[Saved entries]
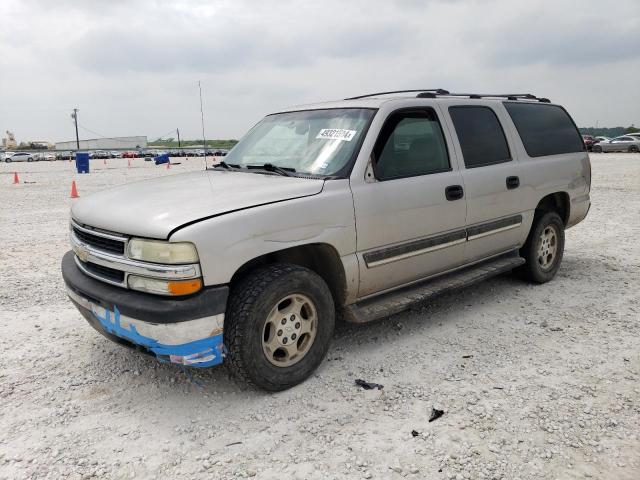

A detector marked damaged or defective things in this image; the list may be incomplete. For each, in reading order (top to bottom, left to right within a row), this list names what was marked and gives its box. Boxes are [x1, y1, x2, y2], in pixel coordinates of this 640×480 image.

damaged front bumper [60, 251, 230, 368]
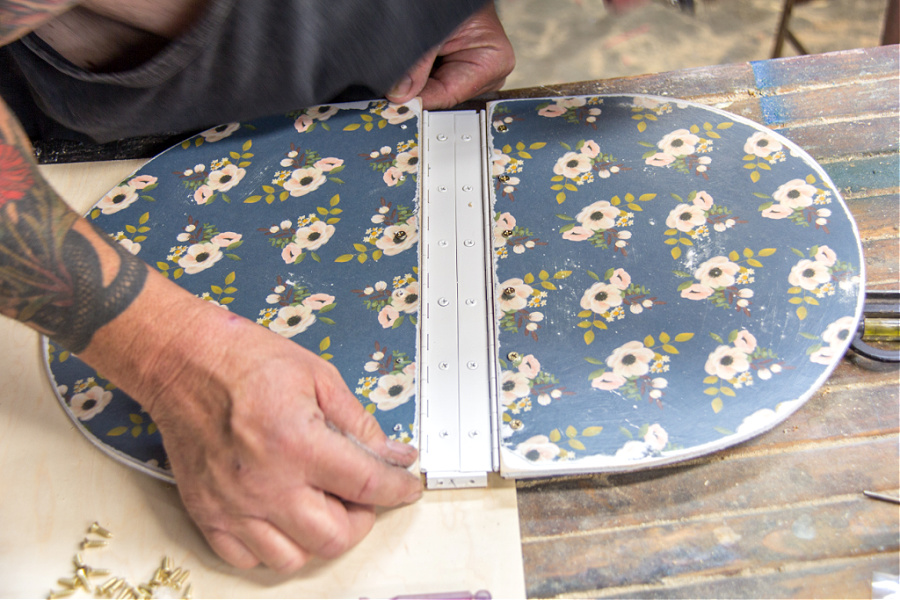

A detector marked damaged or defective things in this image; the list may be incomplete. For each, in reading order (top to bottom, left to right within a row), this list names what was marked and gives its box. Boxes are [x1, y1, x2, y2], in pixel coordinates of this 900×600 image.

rusty metal table [492, 47, 900, 600]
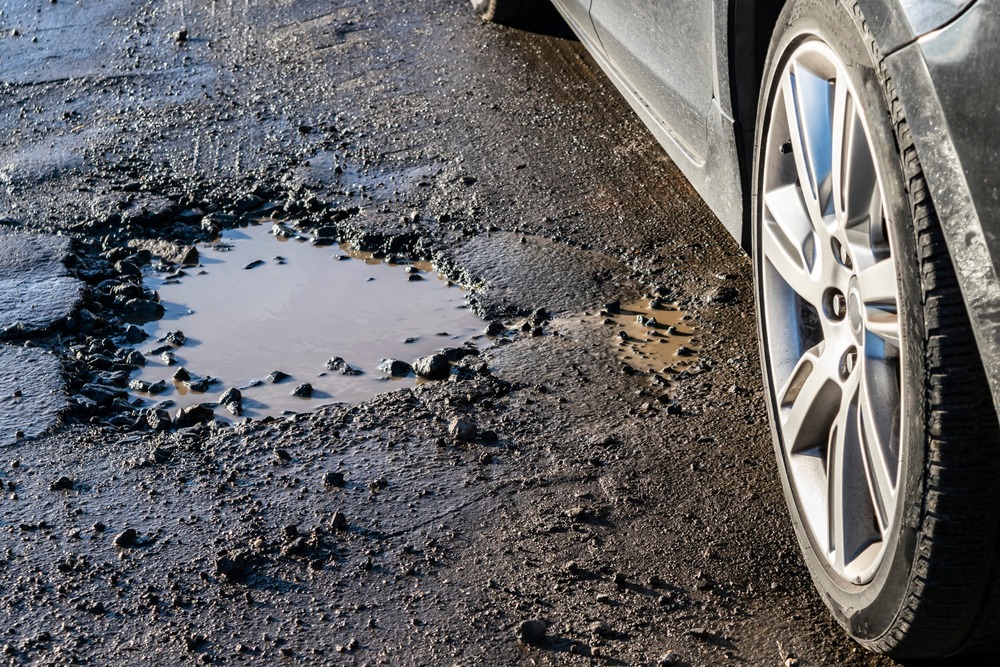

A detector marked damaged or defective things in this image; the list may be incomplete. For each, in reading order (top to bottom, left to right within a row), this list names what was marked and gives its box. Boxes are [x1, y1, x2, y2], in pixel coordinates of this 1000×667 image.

water-filled pothole [127, 227, 486, 420]
pothole [129, 224, 488, 422]
pothole [604, 300, 700, 384]
water-filled pothole [604, 302, 700, 384]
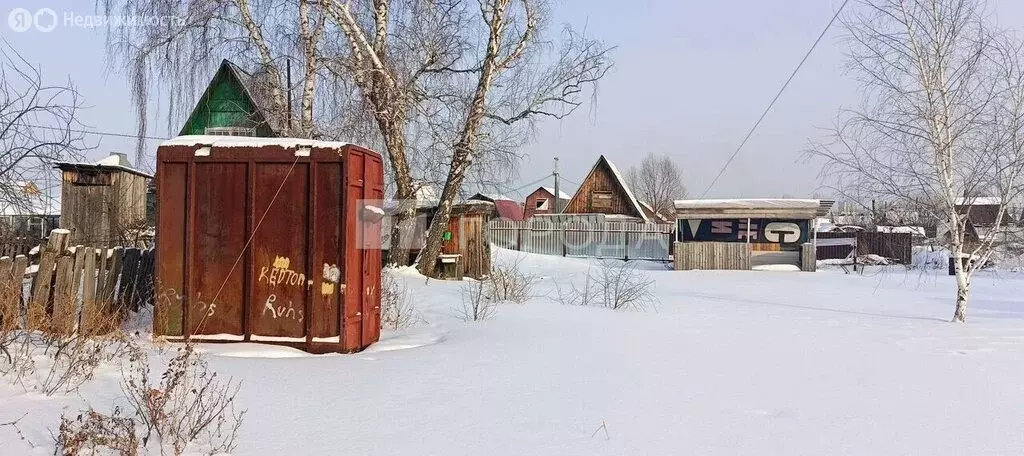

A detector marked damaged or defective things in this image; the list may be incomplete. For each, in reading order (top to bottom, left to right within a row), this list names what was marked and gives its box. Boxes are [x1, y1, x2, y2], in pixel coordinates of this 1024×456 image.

rusty shipping container [156, 135, 384, 352]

** What this task involves **
Every line from the one that holds "this 1000×667 image." to the last line of the records above goes into the answer, exactly as written; nothing else does, and no picture does either.

** Written solution **
A detector marked damaged or defective things in this image; the list may be incomplete. For each, in reading order (top to bottom, left to right within a row), this list names what was marked and gives its box. Boxes are [x1, y1, x2, y2], in pixel coordinates of this 1000×667 image.

water-filled pothole [127, 227, 486, 420]
pothole [129, 224, 488, 422]
pothole [604, 300, 700, 384]
water-filled pothole [604, 302, 700, 384]

A detector marked damaged or defective things in this image; the list may be incomplete. For each, in reading order (top to bottom, left to right within a row), this list names what was marked and gives its box. Boxes are [x1, y1, x2, y2], in pixel coordinates of this 1024×456 image.

rusty shipping container [156, 135, 384, 352]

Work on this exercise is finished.